For the string "Steel", search the entries below and copy every line where it appears.

====================

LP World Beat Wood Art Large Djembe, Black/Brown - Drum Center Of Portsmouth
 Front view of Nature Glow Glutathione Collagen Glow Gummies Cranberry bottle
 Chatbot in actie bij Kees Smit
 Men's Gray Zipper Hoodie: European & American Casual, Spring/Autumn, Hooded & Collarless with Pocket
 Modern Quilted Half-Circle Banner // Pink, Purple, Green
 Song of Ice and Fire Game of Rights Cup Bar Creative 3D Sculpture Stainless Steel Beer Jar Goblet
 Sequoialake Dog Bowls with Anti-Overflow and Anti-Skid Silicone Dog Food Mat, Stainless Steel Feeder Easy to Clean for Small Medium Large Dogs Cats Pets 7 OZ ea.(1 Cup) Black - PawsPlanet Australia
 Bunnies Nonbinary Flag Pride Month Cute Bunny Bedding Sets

====================

> ANSWER TO THIS TASK:
 Song of Ice and Fire Game of Rights Cup Bar Creative 3D Sculpture Stainless Steel Beer Jar Goblet
 Sequoialake Dog Bowls with Anti-Overflow and Anti-Skid Silicone Dog Food Mat, Stainless Steel Feeder Easy to Clean for Small Medium Large Dogs Cats Pets 7 OZ ea.(1 Cup) Black - PawsPlanet Australia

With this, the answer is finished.